At her seminar, she highlighted the importance of African-Canadian history in the region.
Frost says Windsor-Essex was an instrumental part of the underground railroad. She says before Windsor was known as the automotive capital of Canada, it was a beacon of freedom.
"This is such an important crossing in the underground railroad," says Frost. "This piece of the river, this piece of our boarder has a significance that goes back for generations that means freedom."
Frost says her latest research focuses on the collaboration between African-Americans and Canadians during the 19th century.
"I am talking about borderlands and one of the things I am focusing on is the fact that people, African-Canadian and African-American communities on either side of the Detroit River all cooperated with each other in the development of systems to help people escape to freedom in Canada and to fins a warm and safe reception when they arrived there," says Frost.

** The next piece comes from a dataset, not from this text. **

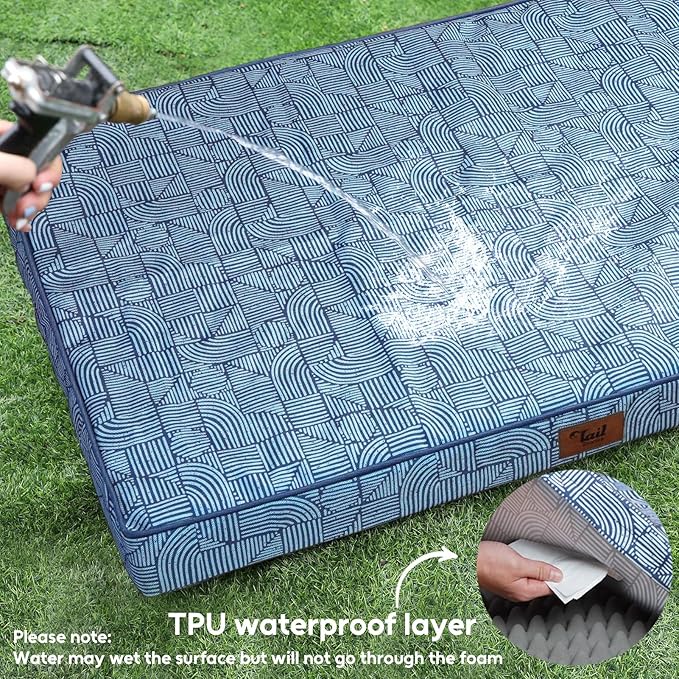 Tail Stories Outdoor Extra Large Dog Crate Bed, XXL Waterproof Dog Bed for Giant Breeds Dogs, 47x29 Inch Orthopedic Egg Crate Foam Pet Mat with Removable Cooling Cover, White Blue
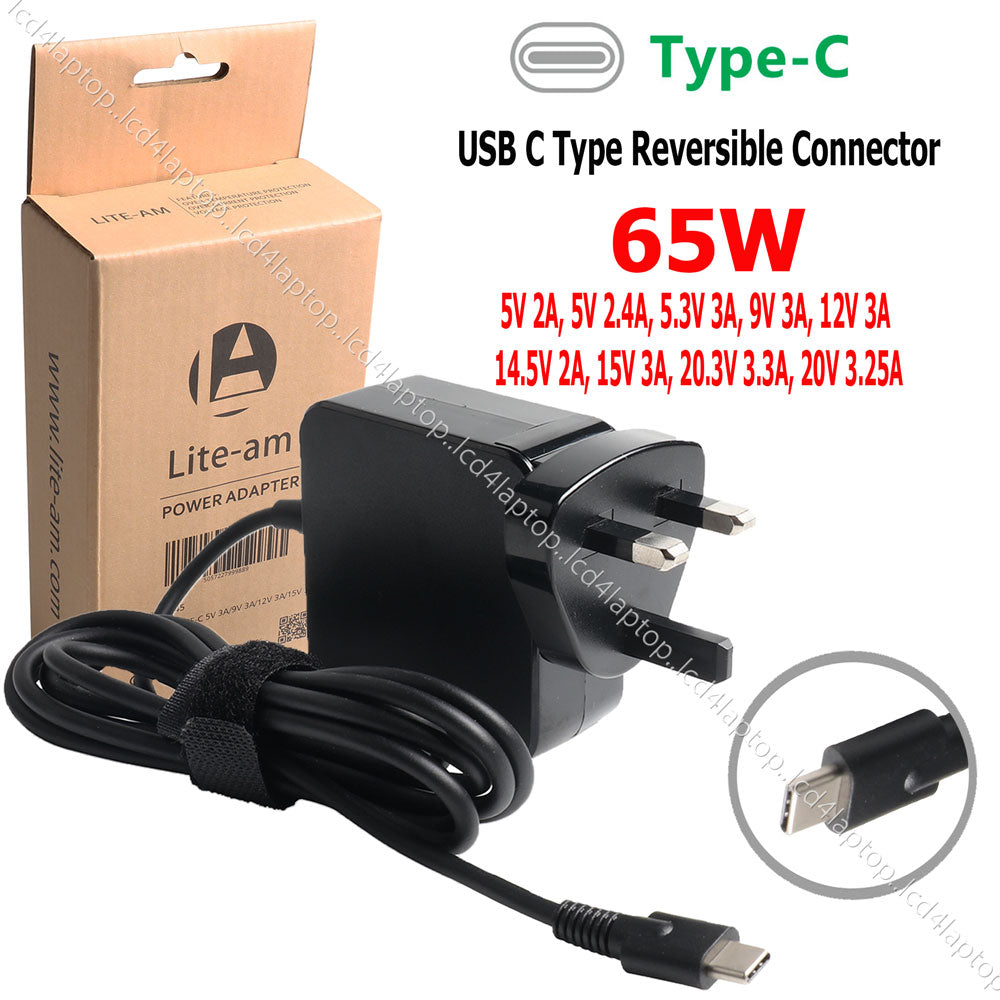 For Acer Spin 7 Acer R13 USB C 65W AC Adapter Charger UK Plug Replacement by Lite am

President of the Essex County Black Historical Research Society Irene Moore Davis says Frost's work has helped kept black history alive in the region.
"I just want to encourage people to keep reading and studying black history year round," says Davis. "This area was so critical at the time of the underground railroad. There is a reason why the Canada national historic plaque about the underground railroad is here in Windsor. Everyone in this region should be so proud of that heritage."
Frost has written several books about her findings including 'I've Got A Home In Glory Land' which won a Governor General's Literary Award.